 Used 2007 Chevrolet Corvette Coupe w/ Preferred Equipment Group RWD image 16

--

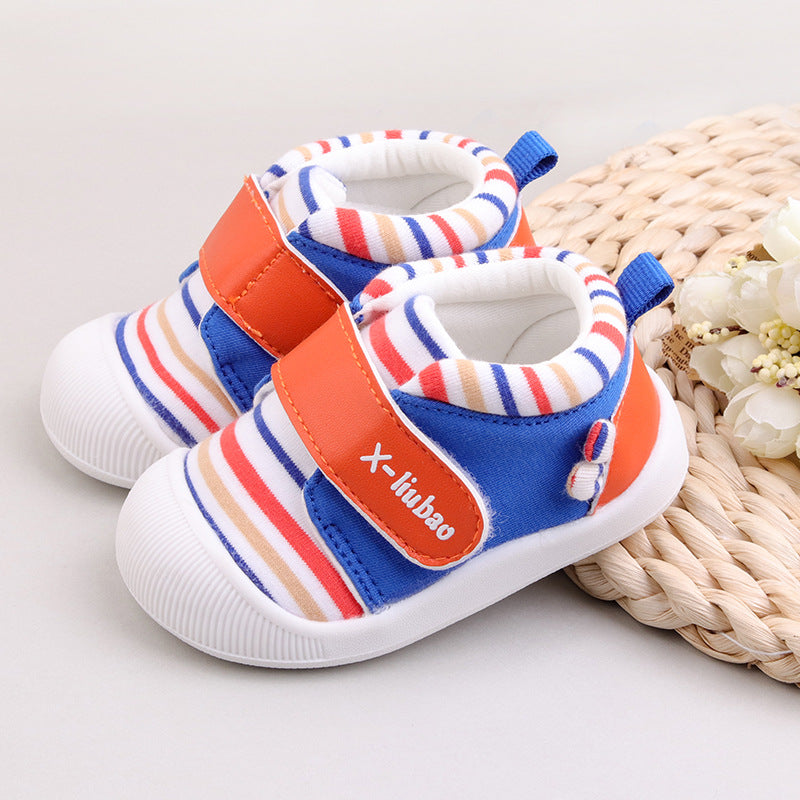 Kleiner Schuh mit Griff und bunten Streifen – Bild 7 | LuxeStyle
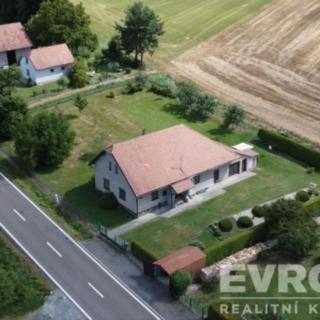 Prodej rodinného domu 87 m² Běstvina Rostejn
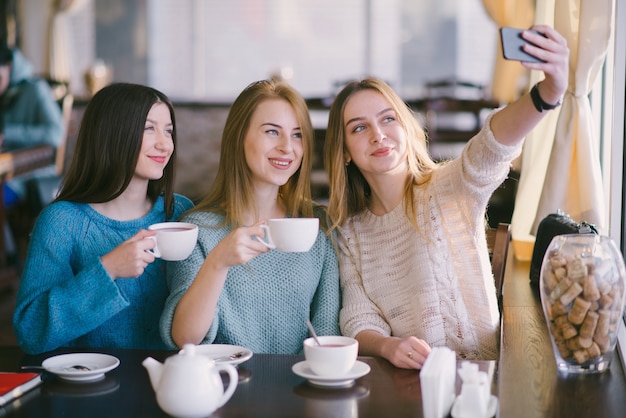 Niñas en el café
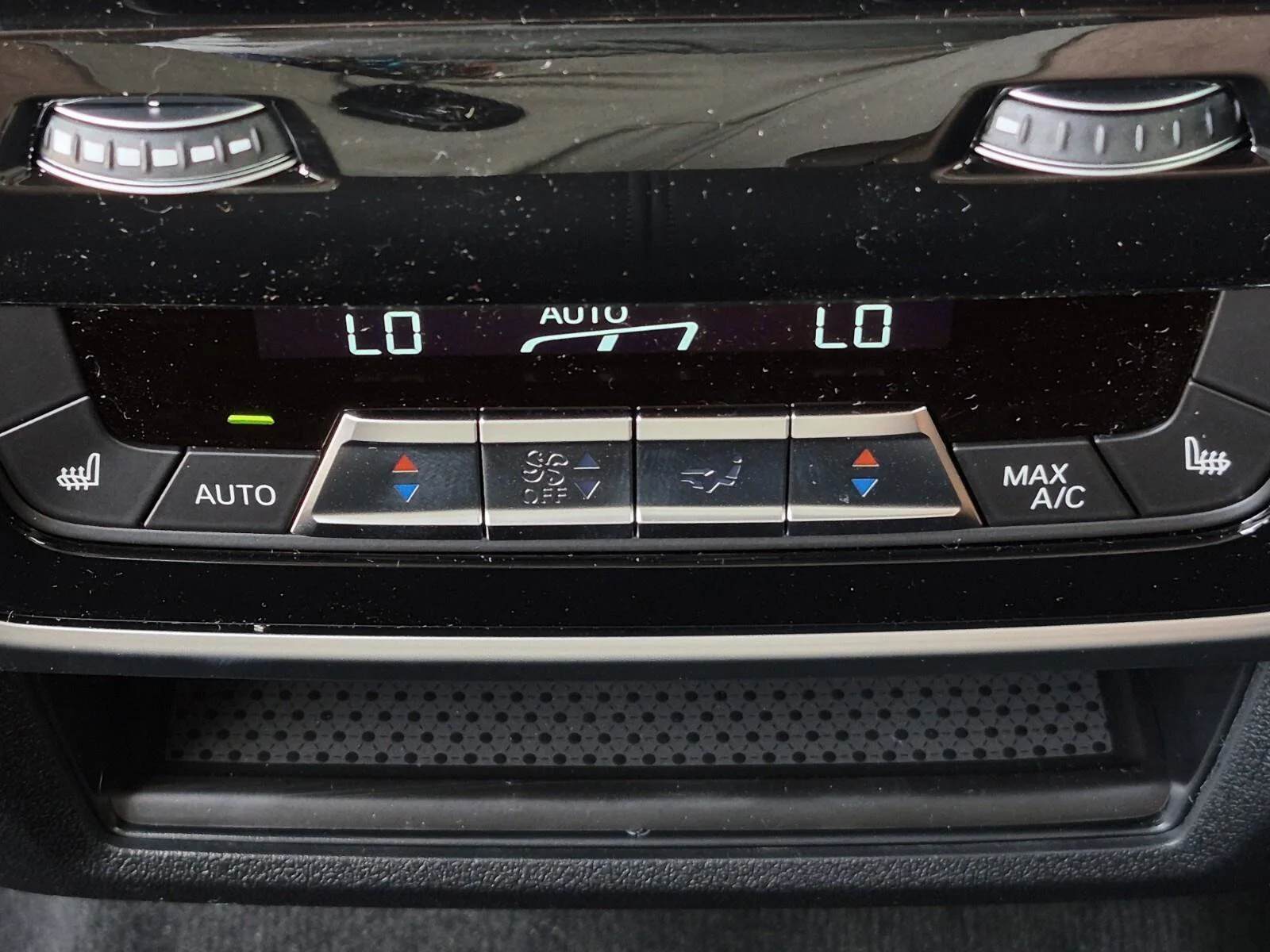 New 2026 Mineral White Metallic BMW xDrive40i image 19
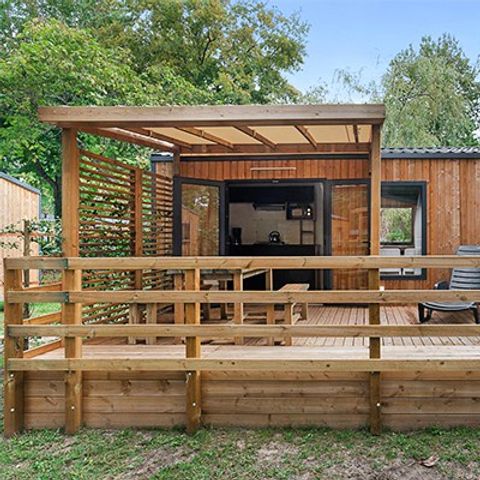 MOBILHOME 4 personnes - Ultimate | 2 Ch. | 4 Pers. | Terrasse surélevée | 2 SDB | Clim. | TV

- **TASK DETAILS**: Set down again, exactly, every line above from the one with "New 2026 Mineral" down to the one with "MOBILHOME 4 personnes", both ends included. No pictures, and nothing else.

- **THE ANSWER**:
 New 2026 Mineral White Metallic BMW xDrive40i image 19
 MOBILHOME 4 personnes - Ultimate | 2 Ch. | 4 Pers. | Terrasse surélevée | 2 SDB | Clim. | TV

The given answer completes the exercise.